Publié le 29 novembre 2009 par Malaurie @jfbib

Cette bande dessinée, sans texte et en Noir & Blanc, est passionnante.
Dans une société future fortement industrialisée, la liberté est devenue un ancien souvenir (Georges Orwell et 1984 ne sont pas loin). Les forces de police pourchassent les déviants : musiciens, libraires... Les autodafés sont monnaie courante (Fahrenheit 451 de Ray Bradbury pointe son nez). Un homme, pianiste dans un bar, possède 6 doigts à ses mains, tout comme son fils qui l'accompagne (
est-ce une évolution darwinienne ? ça y ressemble fortement). Une descente de police les oblige à fuir rapidement. Le père a tout juste le temps de cacher son fils avant de se faire attraper. Ce dernier est alors recueilli par un ouvrier travaillant dans une usine d'armement (Les Temps modernes de Charlie Chaplin se devinent alors). Ce dernier va cacher l'enfant dans l'usine, à l'intérieur l'unité où il est affecté.
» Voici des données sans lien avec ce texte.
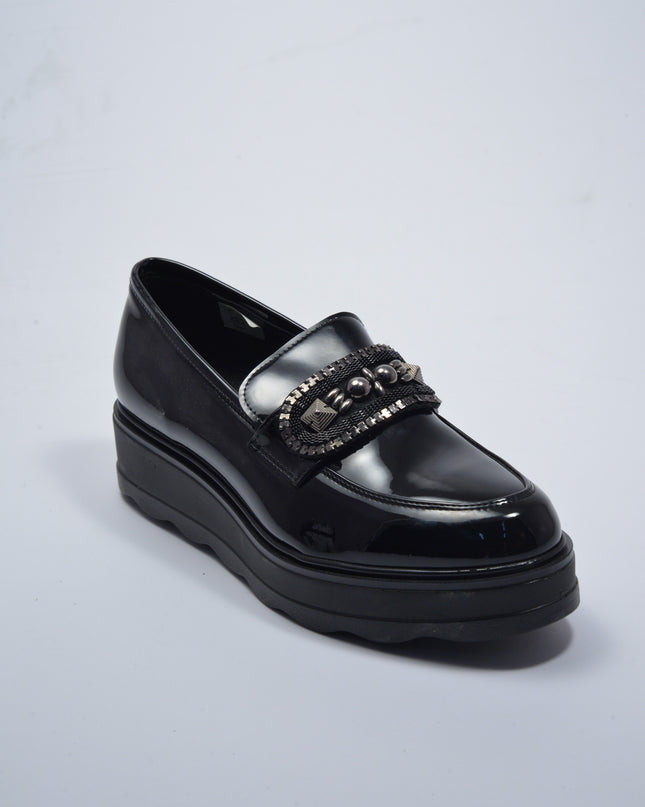 CINZIA SOFT 3003 C.C SANDALO NERO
Il lui apportera des nourritures pour le corps et l'esprit : des steaks et Don Quixotte de Cervantes, Les métamorphoses d'Ovide et enfin un livre d'anatomie, probablement celui de André Vésale (1514-1564) intitulé De humani corporis fabrica (Fabrica, tiens-donc !). L'enfant va ainsi voyager en imagination, se promener dans l'usine et devenir un grain de sable dans les rouages bien huilés de la fabrique. Mais un malheur ne vient jamais seul : le boucher, chez qui l'ouvrier s'approvisionne (certainement échappé de Delicatessen de Caro et Jeunet), méfiant devant l'appétit soudainement plus important de son client livrera ses doutes aux forces de l'ordre... Police et contremaître vont-ils anéantir ce petit espace de liberté ?
© Nicolas Presl (Atrabile)

Le dessin mérite aussi votre attention. Les personnages ont des gueules sorties d'un tableau de Picasso, Guernica par exemple. Leurs narines, trilobées, leur confèrent des expressions de particulières : souffrance, méfiance, défiance et violence, cohabitent avec dérision, persuasion, soumission et compassion. Chaque personnage de cette fiction porte en lui les stigmates de sa personnalité. Nous sommes confrontés à ce combat éternel entre l'homme et ses créations : les machines (Métropolis de Fritz Lang) et les armes. Combat inégal où l'homme s'avère bien souvent impuissant, le dessin de Nicolas Presl, son choix du Noir & Blanc, ses compositions,  les thèmes abordés dans cette histoire, montrent à quel point le corps et l'esprit sont liés, combien ils sont broyés par les machines et la technologie. Nicolas Presl nous interroge sur notre humanité et sur notre futur tout aussi bien que ses illustres inspirateurs précédemment cités.
Pour en savoir plus, peut-être trop sur Du9, juste assez chez Bulledair et sur BDGest.
Fabrica
Nicolas Presl, Atrabile, collection flegme, 2009, 21 €.